Les priorités des pouvoirs publics demeurent les mêmes. L’Etat attribue d’importants budgets aux ministères de la Défense et de celui des Moudjahidine, ce qui a soulevé l’incompréhension de nombreux spécialistes qui souhaiteraient voir plus d’intérêt pour les secteurs stratégiques. Certes, l’augmentation des budgets de l’Education, de la Santé et du Travail renforcent le caractère social de l’Etat, tant défendu, mais en absence de perspectives ou d’alternatives de diversification des ressources de l’Etat risque d’aggraver les disparités et surtout de plomber l’économie nationale.

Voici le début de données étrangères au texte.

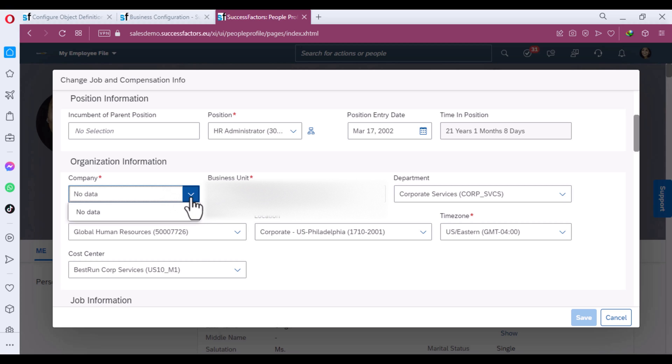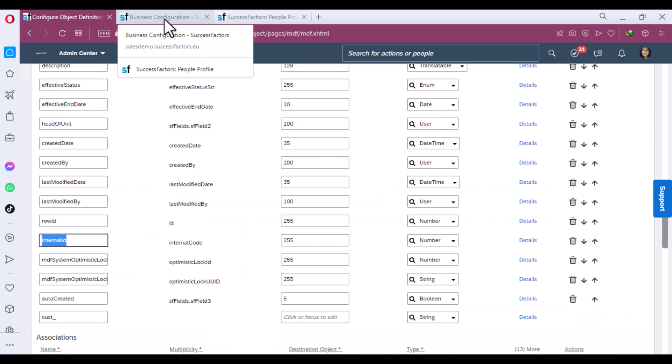There appears to be a system glitch — let me come back to Manage Data to resolve this.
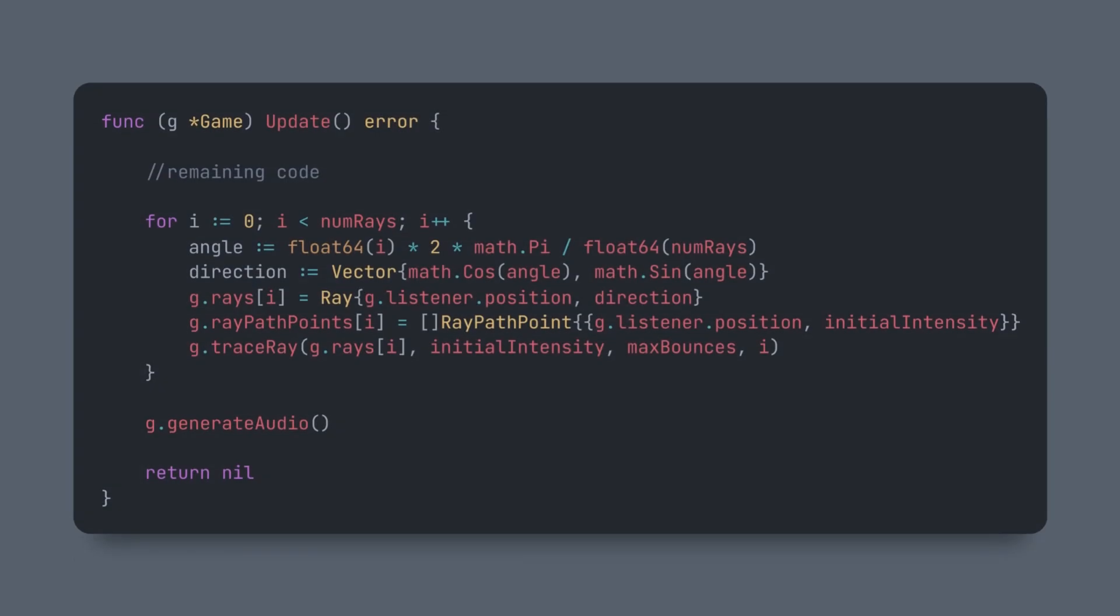Now, let's dive into my implementation. Here's the update function, which gets called during every iteration. The section we're focusing on is responsible for ray tracing and generating the audio. First, we calculate the direction of the ray based on the iteration index. This determines where each ray is cast.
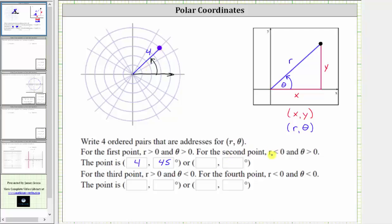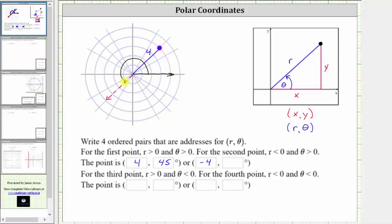For the second ordered pair, we want r to be negative and theta to be positive. So r equals negative four. When r is negative four, the point is plotted in the opposite direction from the terminal side of angle theta, which means we need the terminal side to point in the opposite direction from the given point. Rotating counterclockwise from the positive x-axis, the smallest positive angle theta is 180 plus 45, or 225 degrees. Any positive coterminal angle to 225 degrees would also be correct.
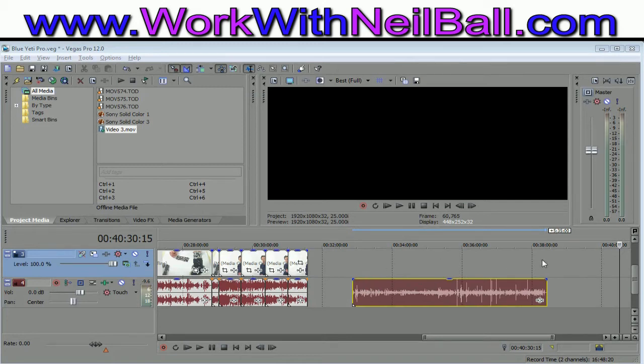Now one solution would obviously be to find the codec for the particular video format that you are trying to use.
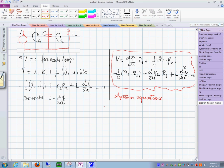A student points out an error: the last term should be dq/dt, not d squared i. The instructor confirms: it should be dq sub 2, not i, and thanks the student for the correction.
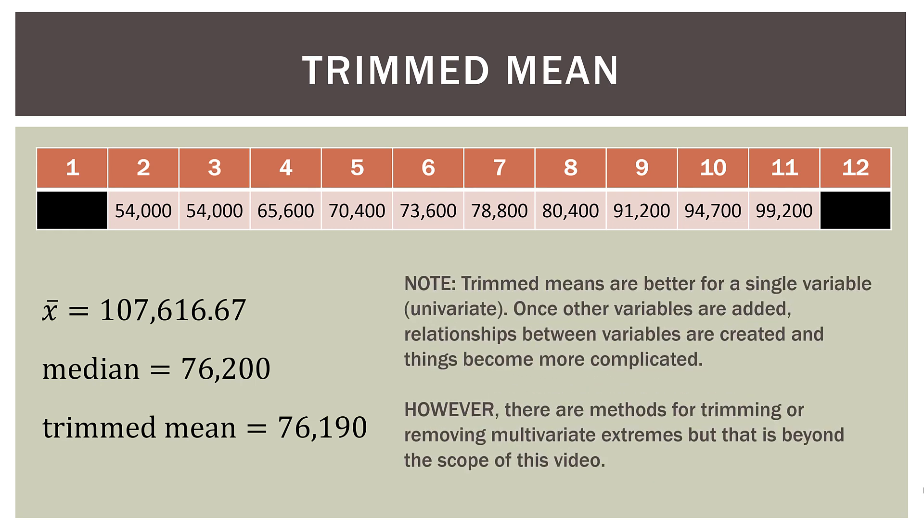Now here's a note. Trimmed means are better for a single variable, what we call univariate. So uni, meaning one variate variable. Once you get other variables involved, relationships between variables are created and things become much more complicated. Now, however, there are methods for trimming or removing multivariate extremes, but that is beyond the scope of this video. And I do actually talk about that in more advanced videos in my playlists. So when you are doing a univariate analysis, what I would recommend is reporting all three of these values. Report your original sample mean, the median, and then a trimmed mean, either 5% or 10% or something like that. So as long as you include the original sample mean with the trimmed mean, that's perfectly fine. However, never leave out the original sample mean. You gotta have both so you can compare the two and of course have the median in there.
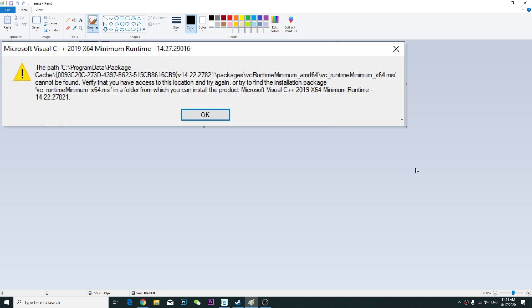Alright guys, if you have this kind of problem on Microsoft Visual C++, after you download and it's showing you this error.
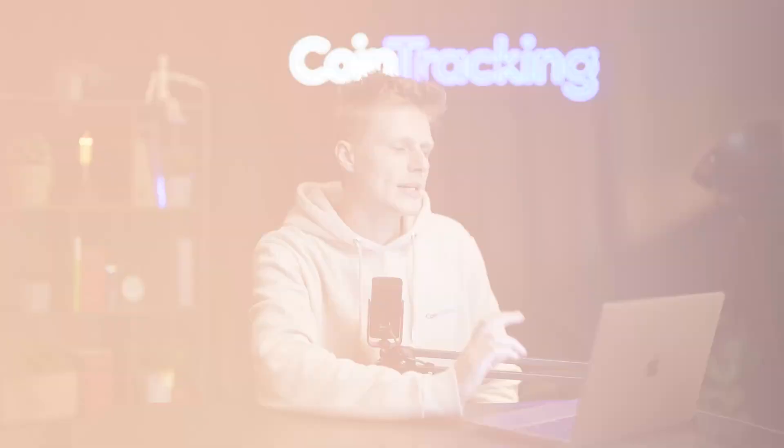Let's jump into the computer and I'm going to show you step by step how to get your CSV transaction history from Bybit.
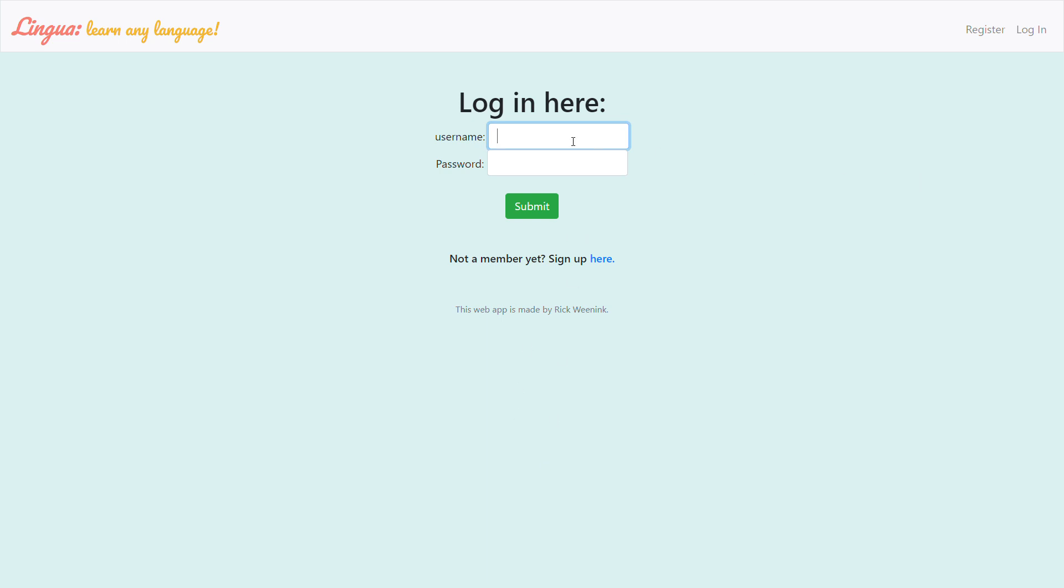Hi everybody, my name is Rick. I'm from the Netherlands and this year I took CS50 and here I want to present you my final project which is called Lingua.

Le budget alloué au secteur de la production et de l’investissement, et la technologie, sont faibles ne dépassant pas les 30 voire 20 milliards de dinars. Des secteurs indispensables pour atteindre les objectifs fixés dans ce texte de loi qui prévoit la baisse «de la valeur des marchandises importées dans le cadre de la rationalisation continue des importations, de 14,4 % avec la valeur en cours en 2021, par rapport à la clôture 2020, pour ainsi atteindre 28,21 milliards USD et 27,39 milliards USD en 2022 et arriver jusqu’à 27,01 milliards USD en 2023». Finalement, l’Etat tient un rôle complexe dans la mise en œuvre du plan de sortie de crise.